Making sense of data
Gathering the information wasn’t even the hardest part. The real challenge came when analysts tried to manually make sense of it all. Putting all these documents in a coherent chronological order, understanding their correlation, and proving their authenticity are things that require critical thinking and bear no room or flexibility for error.
And what happens once a client is cleared for onboarding? Does the KYC and AML process stop? No. Entities are live organisms that require constant monitoring. What businesses really needed was not access to a more coherent set of information but the ability to build risk profiles that adapt, develop and update in real-time. Companies with global presence deal with very big numbers of customers. In order to keep up with regulatory requirements and compliance, automation was the only real solution.
Enter Open Banking.
How Can Open Banking Help?
Digitalise, automate and mine data
Saying that open banking can help is an understatement. Open banking will redefine KYC and AML. First and foremost, it makes all KYC-associated operations digital. No time wasting with documents, files and folders. Digitalising processes such as retrieving information about the basic details of the user (name, surname, date of birth), validating their source of wealth, providing transactional data, and building risk profile projection models will be automated and streamlined.

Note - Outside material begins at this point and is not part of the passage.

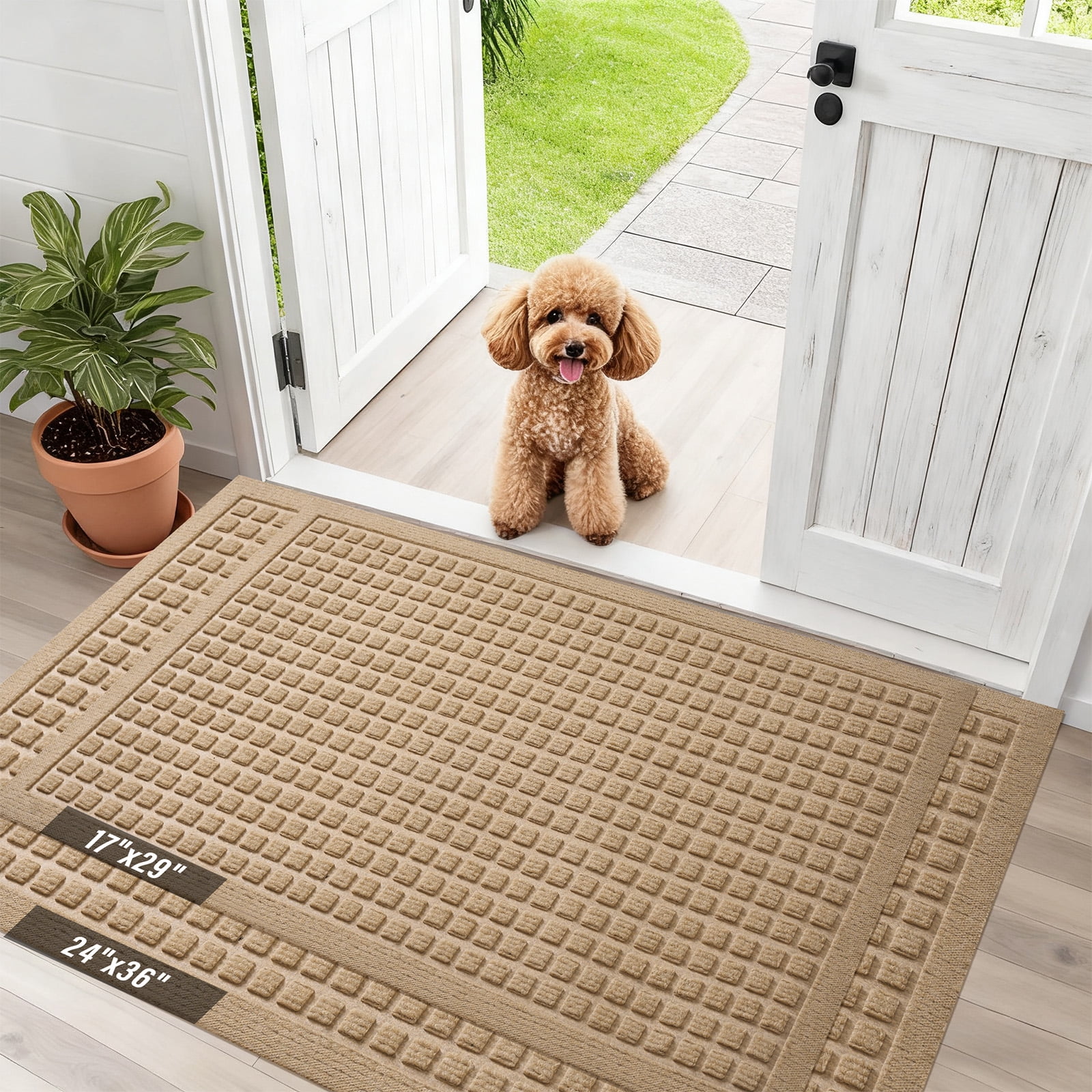 Front Doormat Non Slip Outdoor Mat 17"x29", Dirt Trapper TPE Welcome Mats Outdoor Indoor Rug, Durable Easy Clean Low Profile Doormat for Garage ,Entryway .Patio .High Traffic Areas, Beige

Using tech such as robotic process automation (RPA), companies will be able to automatically get information that’s behind paywalls or scanned documents. Machine learning on the other hand can learn to spot specific fields across different documents, such as company registration details. The automation potential is great.

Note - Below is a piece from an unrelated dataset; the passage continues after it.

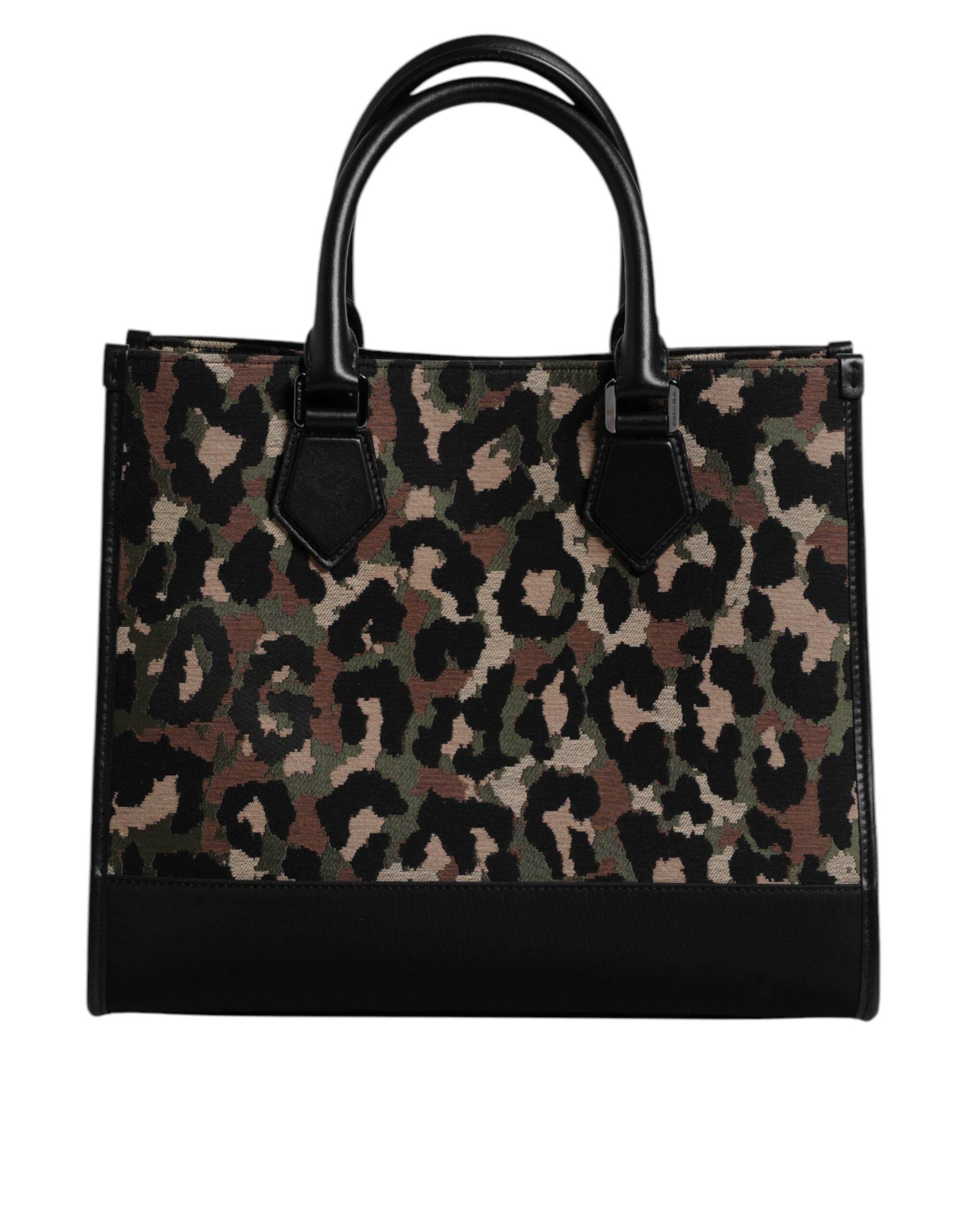 Dolce & Gabbana Multicolor Leopard Shopping Tote Shoulder Bag - Hilstor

Removing the human factor will significantly decrease the time and cost associated with these processes. Companies will be able to receive data in a presentable, digestible way. Not only will they be able to make a decision about the risk-level associated with a client but they will be able to guesstimate the possibility of future fraud. Pre-open banking, companies used to see a fraction of a client's transaction history. Now, they get a comprehensive view of whom clients transact with, the location of their counterparties and can safely build transactional patterns.
Create a single customer profile with centralised data
Financial institutions usually juggle between different platforms, tools and resources in order to gather all the information they need for a proper KYC profile. That results in KYC data sitting in silos and departments, making them hard to access, share and consolidate.
The magic of open banking APIs is that it can bring all these datasets together and feed them into one integrated customer view. Team members can then easily access them and use their time to make informed decisions, instead of switching between tabs and digging through folders.
Businesses can start building and stop buying
An API-first approach to KYC and AML won’t only open the door to faster, more affordable and simpler client onboarding and monitoring. It will open the door to building custom products and in-house solutions with features such as monitoring alerts, searching or uploading evidence for an AML investigation.
Companies will be able to stop buying off-the-shelf products and start building their own. Open banking is not a plugin, but a foundational piece of technology that modern businesses can build their entire KYC system on.